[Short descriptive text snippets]
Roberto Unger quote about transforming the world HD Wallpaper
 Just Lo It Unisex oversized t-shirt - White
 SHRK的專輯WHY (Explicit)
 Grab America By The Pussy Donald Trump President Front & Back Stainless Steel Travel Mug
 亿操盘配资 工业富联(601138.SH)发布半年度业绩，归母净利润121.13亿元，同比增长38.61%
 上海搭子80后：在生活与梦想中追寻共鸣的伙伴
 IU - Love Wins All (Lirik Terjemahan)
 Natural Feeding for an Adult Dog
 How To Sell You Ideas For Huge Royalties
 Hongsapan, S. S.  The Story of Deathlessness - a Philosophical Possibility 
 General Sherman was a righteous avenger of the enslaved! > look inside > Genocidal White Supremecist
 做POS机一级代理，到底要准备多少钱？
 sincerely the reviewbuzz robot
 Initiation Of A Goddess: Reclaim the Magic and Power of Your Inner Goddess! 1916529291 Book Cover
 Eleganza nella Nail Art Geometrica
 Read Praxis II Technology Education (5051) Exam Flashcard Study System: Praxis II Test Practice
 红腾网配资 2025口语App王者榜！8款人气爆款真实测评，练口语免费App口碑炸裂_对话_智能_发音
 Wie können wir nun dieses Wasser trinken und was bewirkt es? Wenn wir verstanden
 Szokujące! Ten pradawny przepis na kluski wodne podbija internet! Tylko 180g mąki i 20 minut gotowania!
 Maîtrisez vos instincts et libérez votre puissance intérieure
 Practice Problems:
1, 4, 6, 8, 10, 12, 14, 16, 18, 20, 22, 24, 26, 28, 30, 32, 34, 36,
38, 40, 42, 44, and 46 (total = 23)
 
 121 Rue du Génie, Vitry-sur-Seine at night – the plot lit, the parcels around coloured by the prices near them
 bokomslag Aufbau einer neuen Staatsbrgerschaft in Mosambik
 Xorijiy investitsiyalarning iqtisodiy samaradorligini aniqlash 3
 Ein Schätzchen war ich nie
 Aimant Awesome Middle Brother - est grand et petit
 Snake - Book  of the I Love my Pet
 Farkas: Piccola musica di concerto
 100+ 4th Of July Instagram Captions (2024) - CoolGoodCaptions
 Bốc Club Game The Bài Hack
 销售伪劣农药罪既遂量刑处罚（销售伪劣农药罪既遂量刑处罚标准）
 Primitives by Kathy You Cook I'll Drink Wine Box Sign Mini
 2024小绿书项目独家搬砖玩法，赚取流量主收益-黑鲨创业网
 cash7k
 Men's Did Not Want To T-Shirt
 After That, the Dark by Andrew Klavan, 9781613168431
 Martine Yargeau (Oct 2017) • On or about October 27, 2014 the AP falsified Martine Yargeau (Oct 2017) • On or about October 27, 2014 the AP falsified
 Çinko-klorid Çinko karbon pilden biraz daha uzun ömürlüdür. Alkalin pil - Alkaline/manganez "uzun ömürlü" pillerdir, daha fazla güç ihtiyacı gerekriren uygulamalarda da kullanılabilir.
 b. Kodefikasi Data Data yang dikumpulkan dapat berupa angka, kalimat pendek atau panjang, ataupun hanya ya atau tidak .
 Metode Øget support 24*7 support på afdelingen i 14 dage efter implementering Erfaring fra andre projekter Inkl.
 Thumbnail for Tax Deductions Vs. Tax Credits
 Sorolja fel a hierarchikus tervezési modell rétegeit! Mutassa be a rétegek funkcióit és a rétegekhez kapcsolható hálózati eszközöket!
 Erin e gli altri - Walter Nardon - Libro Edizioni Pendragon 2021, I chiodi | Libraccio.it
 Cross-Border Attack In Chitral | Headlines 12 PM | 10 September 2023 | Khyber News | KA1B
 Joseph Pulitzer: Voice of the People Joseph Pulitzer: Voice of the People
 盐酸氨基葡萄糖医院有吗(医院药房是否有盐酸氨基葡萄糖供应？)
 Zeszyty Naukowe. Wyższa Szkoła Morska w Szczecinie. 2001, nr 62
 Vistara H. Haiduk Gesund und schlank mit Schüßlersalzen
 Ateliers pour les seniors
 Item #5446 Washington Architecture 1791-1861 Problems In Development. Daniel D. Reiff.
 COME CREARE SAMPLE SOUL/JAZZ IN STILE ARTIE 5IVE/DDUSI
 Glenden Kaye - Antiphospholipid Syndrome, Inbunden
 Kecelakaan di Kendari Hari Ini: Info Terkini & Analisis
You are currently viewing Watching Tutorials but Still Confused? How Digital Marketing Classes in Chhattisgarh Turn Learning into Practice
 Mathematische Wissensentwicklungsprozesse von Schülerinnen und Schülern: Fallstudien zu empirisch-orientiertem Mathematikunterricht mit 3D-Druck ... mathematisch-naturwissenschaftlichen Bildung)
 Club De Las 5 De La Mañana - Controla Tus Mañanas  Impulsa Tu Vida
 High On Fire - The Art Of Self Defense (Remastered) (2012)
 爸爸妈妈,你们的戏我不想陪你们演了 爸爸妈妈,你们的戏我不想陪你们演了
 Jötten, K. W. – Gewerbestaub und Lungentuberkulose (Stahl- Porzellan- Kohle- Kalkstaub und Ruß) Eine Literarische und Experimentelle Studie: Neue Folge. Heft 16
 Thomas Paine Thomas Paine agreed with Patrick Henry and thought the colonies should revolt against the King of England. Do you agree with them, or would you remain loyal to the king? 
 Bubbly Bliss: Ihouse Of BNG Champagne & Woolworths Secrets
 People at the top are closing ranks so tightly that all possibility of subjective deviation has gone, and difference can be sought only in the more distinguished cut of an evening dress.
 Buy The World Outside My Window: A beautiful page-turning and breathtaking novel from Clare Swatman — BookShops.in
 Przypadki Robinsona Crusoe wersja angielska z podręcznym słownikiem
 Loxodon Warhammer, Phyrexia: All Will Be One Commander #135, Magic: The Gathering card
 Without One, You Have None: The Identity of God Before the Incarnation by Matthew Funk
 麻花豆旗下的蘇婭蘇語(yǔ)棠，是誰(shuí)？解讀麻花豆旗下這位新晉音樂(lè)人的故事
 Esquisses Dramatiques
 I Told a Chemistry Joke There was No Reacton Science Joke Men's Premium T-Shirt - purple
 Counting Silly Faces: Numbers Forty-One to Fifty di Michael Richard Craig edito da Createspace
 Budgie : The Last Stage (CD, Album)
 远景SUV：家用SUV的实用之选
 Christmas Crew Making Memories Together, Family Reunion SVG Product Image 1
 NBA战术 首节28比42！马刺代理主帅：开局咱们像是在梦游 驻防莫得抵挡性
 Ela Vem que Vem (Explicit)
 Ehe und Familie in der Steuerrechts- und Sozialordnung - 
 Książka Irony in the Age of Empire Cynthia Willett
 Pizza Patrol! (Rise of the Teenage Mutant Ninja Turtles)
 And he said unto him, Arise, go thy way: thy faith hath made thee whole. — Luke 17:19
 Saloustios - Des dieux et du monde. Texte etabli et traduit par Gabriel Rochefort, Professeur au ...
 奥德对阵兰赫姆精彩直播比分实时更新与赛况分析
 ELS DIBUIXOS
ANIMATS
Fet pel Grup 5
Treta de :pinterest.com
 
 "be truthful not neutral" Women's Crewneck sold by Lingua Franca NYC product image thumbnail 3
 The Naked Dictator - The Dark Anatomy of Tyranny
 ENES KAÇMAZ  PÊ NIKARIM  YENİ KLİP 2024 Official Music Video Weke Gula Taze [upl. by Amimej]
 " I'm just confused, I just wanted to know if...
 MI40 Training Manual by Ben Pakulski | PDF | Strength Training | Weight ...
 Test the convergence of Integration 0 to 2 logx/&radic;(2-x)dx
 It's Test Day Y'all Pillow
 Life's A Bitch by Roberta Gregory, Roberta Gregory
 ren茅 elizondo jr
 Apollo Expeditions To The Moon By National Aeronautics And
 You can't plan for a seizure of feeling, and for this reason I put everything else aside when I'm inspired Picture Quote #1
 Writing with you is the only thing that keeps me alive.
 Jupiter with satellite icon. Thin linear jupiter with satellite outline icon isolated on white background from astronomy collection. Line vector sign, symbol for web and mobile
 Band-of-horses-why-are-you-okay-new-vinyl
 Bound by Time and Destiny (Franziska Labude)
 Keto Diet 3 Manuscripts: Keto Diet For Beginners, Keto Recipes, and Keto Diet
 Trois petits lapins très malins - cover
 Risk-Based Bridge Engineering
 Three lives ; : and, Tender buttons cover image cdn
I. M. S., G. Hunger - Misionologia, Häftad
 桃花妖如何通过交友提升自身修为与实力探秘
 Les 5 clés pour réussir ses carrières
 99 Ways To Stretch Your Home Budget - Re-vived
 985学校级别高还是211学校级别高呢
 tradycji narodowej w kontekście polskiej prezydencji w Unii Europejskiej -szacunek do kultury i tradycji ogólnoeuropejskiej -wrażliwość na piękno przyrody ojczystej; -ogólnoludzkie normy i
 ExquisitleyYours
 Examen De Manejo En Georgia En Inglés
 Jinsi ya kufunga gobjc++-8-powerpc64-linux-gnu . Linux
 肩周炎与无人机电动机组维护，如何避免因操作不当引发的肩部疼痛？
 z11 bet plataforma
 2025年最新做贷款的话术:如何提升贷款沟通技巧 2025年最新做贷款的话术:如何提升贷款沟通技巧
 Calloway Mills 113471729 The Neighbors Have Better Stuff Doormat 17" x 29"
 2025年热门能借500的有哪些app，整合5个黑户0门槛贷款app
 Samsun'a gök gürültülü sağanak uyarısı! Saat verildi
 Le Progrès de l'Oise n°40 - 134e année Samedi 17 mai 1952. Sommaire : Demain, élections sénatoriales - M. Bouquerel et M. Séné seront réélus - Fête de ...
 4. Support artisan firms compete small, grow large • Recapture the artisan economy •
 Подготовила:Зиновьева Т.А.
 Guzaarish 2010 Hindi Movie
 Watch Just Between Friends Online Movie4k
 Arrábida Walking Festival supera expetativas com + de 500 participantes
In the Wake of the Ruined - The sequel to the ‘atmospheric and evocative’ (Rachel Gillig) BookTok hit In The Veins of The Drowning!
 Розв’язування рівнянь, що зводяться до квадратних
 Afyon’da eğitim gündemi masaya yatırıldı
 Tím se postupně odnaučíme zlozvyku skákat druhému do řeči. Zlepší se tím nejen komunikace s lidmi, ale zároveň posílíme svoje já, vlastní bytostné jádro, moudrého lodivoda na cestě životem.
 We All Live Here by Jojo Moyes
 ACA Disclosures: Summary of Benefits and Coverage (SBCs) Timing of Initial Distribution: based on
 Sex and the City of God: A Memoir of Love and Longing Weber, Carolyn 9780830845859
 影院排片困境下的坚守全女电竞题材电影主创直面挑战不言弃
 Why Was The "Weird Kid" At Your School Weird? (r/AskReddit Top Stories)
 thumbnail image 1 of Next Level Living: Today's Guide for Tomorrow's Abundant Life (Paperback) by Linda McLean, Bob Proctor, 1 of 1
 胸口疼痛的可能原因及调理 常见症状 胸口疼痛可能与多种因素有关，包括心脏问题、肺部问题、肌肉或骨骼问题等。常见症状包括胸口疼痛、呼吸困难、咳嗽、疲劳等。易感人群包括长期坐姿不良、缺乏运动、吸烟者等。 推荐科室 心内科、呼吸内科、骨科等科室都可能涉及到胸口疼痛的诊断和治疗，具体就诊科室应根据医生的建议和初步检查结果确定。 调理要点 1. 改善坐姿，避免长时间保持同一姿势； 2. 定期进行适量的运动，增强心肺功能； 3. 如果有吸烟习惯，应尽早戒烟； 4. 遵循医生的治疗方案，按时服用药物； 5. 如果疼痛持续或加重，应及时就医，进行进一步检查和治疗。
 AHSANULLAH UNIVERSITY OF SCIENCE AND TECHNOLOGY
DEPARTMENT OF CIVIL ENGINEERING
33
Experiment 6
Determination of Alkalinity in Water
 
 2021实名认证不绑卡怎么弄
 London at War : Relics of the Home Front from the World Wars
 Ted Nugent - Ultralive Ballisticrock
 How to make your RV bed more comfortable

- _Work required_
Copy down each line in the entries that has the word "Have".

- _Reply to the task_
 Without One, You Have None: The Identity of God Before the Incarnation by Matthew Funk
 Calloway Mills 113471729 The Neighbors Have Better Stuff Doormat 17" x 29"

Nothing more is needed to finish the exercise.